DigiM: A Trusted Filing Partner
- Q3 BE for non-systemic treatments (highly variable) are highly desirable (> 50% of ANDA applicants in 2019-2020 received notice to send additional data to support claims)
- Top reasons ANDA are rejected: inadequate stability information, inadequate dissolution, and the drug product was not bioequivalent to the RLD. ANDA Filing Statistics
DigiM image-based pharmaceutical microstructure characterization technology is a proven tool to help demonstrate equivalence between two formulations, potentially eliminating the need for expensive and time-consuming human studies.
Application Areas and Case Studies
Q3 BE is routinely employed to grant biowaivers for accepting generic drugs into the market. This allows pharmaceutical companies to bypass the lengthy and costly process of approving new drugs through an Abbreviated New Drug Application (ANDA). However, the traditionally accepted format for evaluating Q3 BE, while employs a good amount of time and costs at the expense of efficiency, only works for drugs with systematic applications, such as oral solid dosage forms.
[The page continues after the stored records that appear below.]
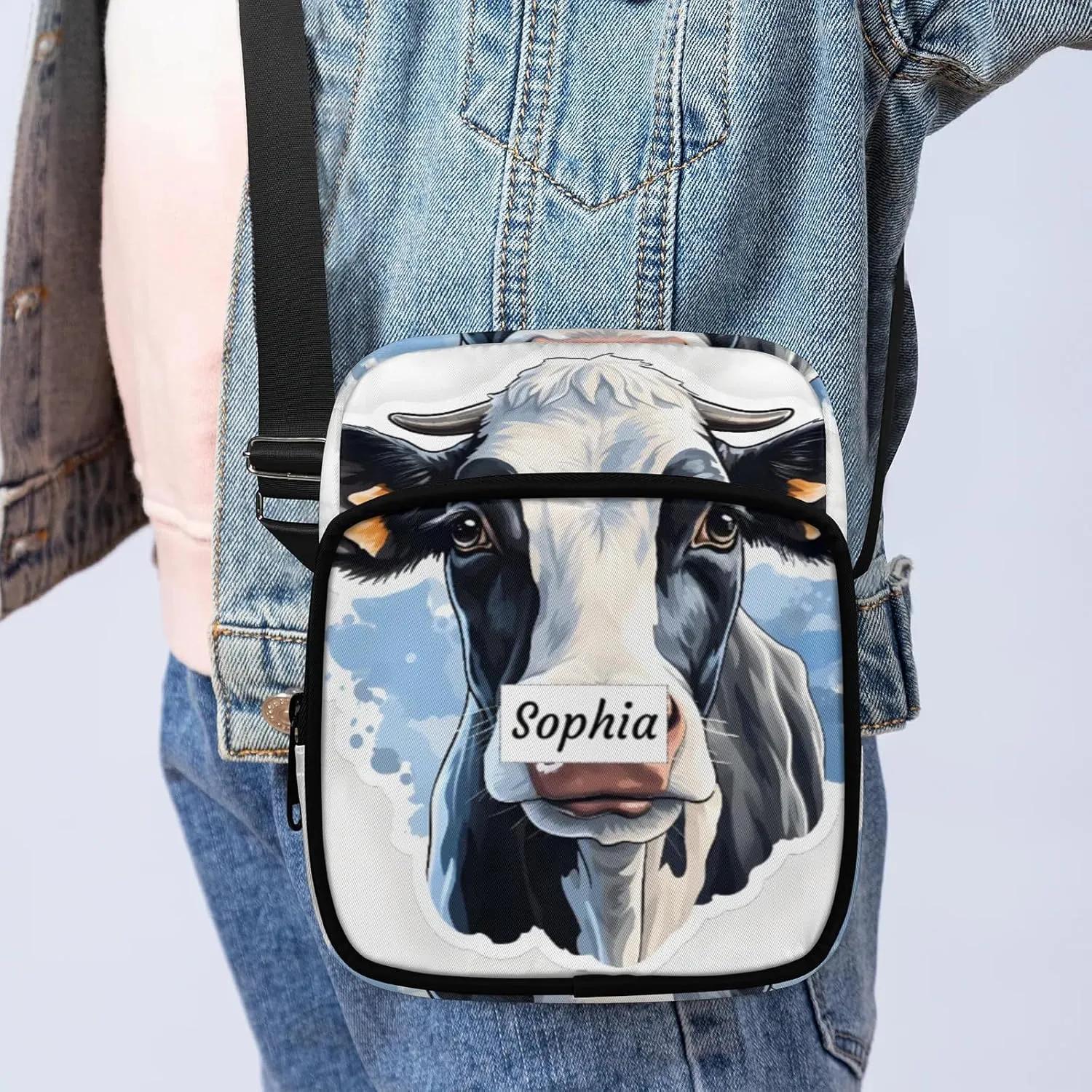 TropicalLife Personalized Crossbody Bag for Women Men Custom Name Messenger Bags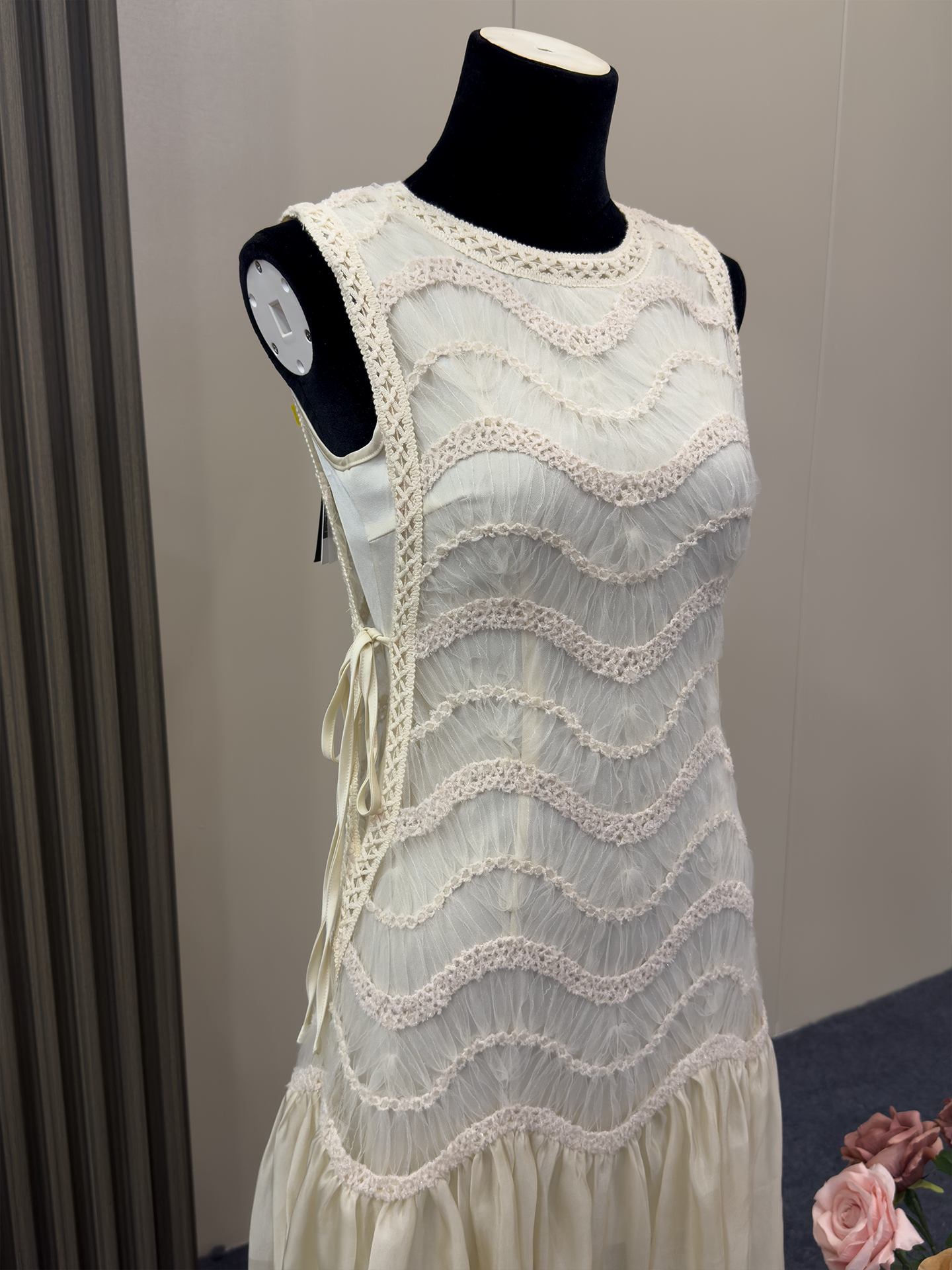 8028★ Casual vacation romantic quicksand skirt high-end lace fairy skirt pearlescent sleeveless dress woman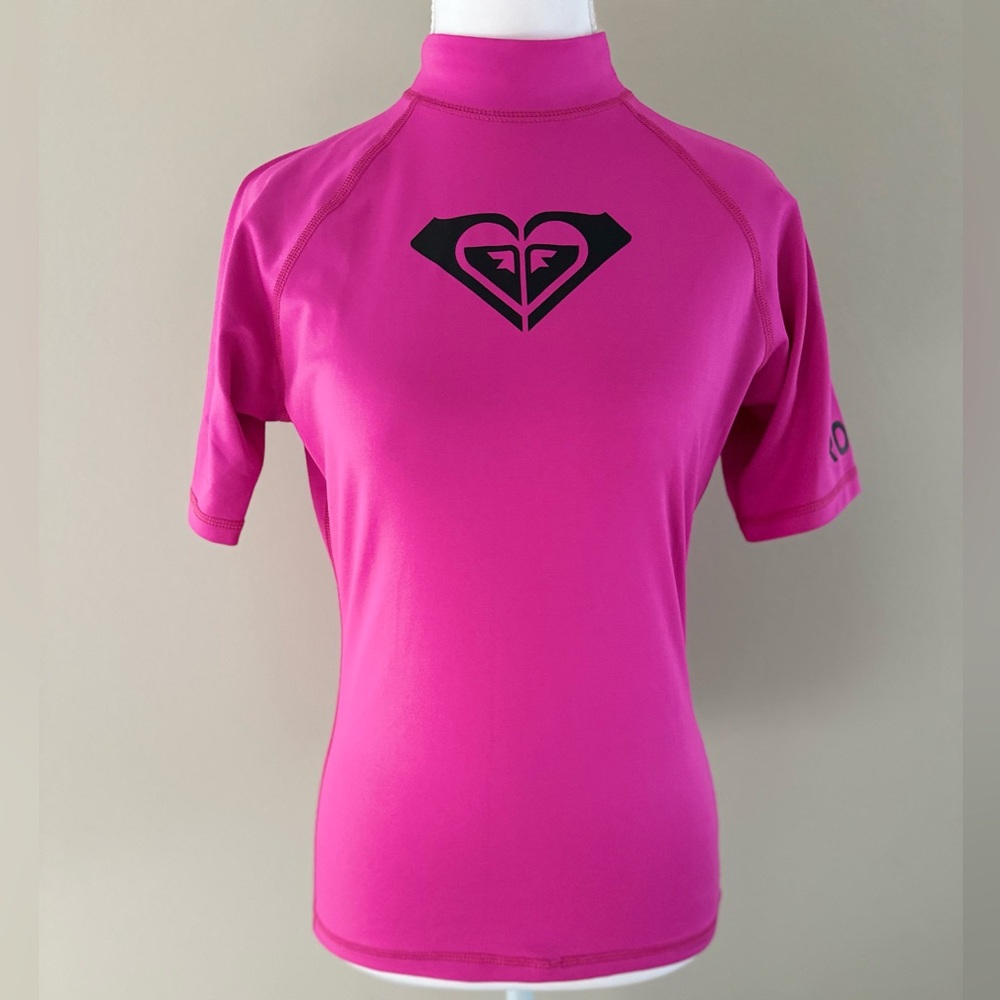 Roxy Girls Pink Short Sleeve Rash Guard Swim Top Size 10 UV Surf Beach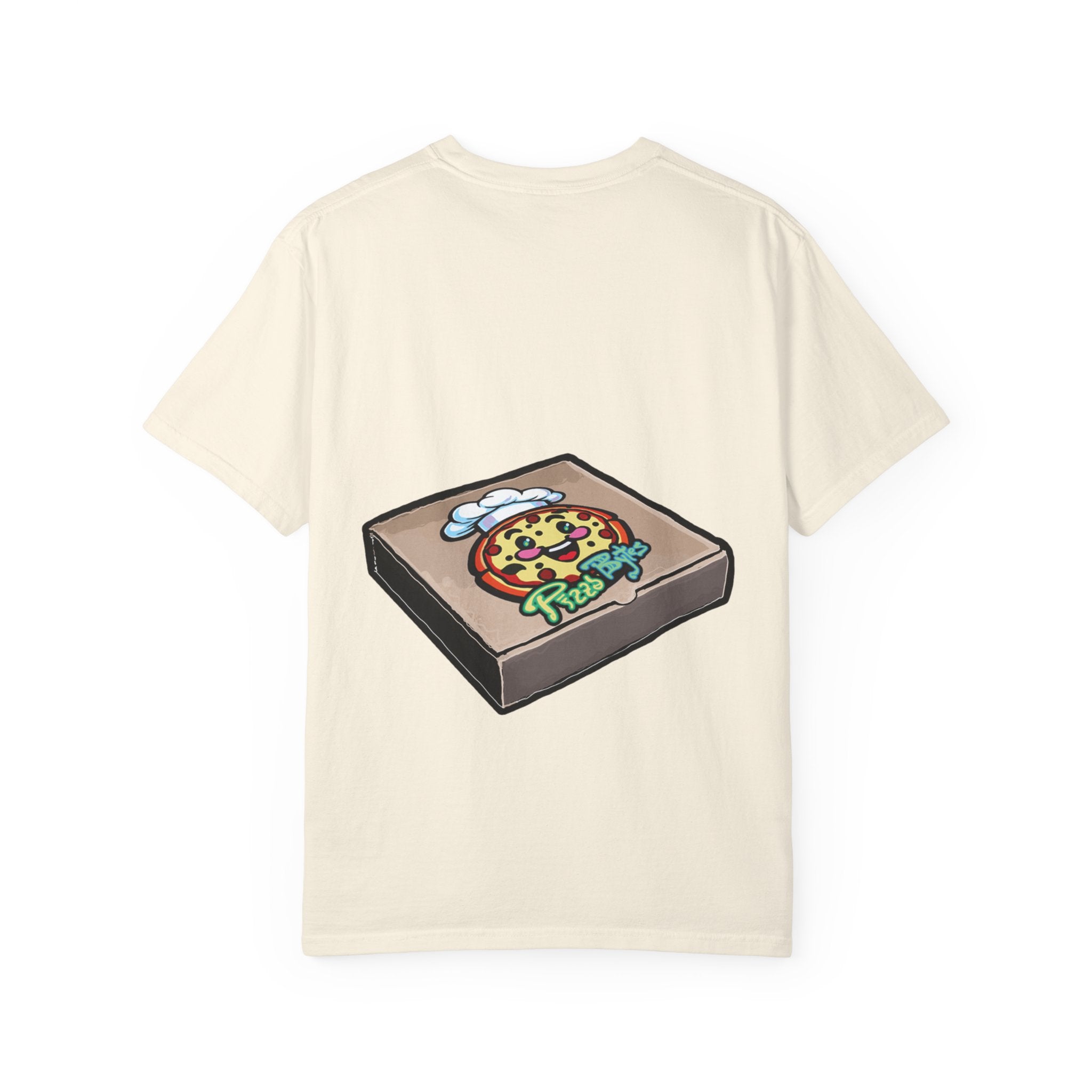 Fiery Inferno Phoenix Pizza Monster T-Shirt, Hand-drawn pizza phoenix with melted cheese flames, pepperoni wings, and glowing eyes on Comfort Colors tee from PizzaBytes collection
These common approaches include pharmacokinetics (PK) and/or clinical endpoint studies, fails when a drug is acting locally due to the large variations among different localized areas, and the interactions involved. Such intricacies are compounded with increasingly complex generics. Complex generic drug products are defined in the Generic Drug User Fee Amendments (GDUFA) II Commitment Letter as a product with:
- A complex active ingredient(s) (e.g., peptides, polymeric compounds, complex mixtures of APIs, naturally sourced ingredients)
- A complex formulation (e.g., liposomes, colloids)
- A complex route of delivery (e.g., locally acting drugs such as dermatological products and complex ophthalmological products and otic dosage forms that are formulated as suspensions, emulsions or gels)
- A complex dosage form (e.g., transdermals, metered dose inhalers, extended release injectables)
- Complex drug-device combination products (e.g., auto injectors, metered dose inhalers); and
- Other products where complexity or uncertainty concerning the approval pathway or possible alternative approaches would benefit from early scientific engagement.
If a complex drug product is shown to be microstructure bioequivalent with the brand product, there is very high likelihood that they will reach the same therapeutic effect, or they are therapeutically equivalent. DigiM image-based pharmaceutical microstructure characterization technology answers directly to this urgent call from both the industry and the regulatory agency.
Stability represents a level of safety within the drug formulation process. Ensuring safety is one of the FDA’s guiding principles. Comparing two time points of the generic sample with the RLD through the DigiM's image-based pharmaceutical microstructure characterization technology would provide the consistency required to establish stability and/or identify the means to ensure it.
It is a critical factor in the ANDA application process. Particularly for polymeric drug products, such as Poly(D,L-lactic-co-glycolic acid) (PLGA) microspheres and implants, the API is embedded within a biodegradable polymer matrix, which is sensitive to temperature, pressure, and drug-polymer interaction during formulation, processing, and manufacturing. Slight changes can greatly influence features such as particle size distribution and porosity, hence alter the drug stability. Each of these microstructural facets affect drug release and other physical parameters that are critically important for safe and effective treatments.
DigiM has assisted clients to determine the cause of instability and other unanticipated foibles by providing tools to identify, analyze and optimize formulation designs to reach microstructure bioequivalence.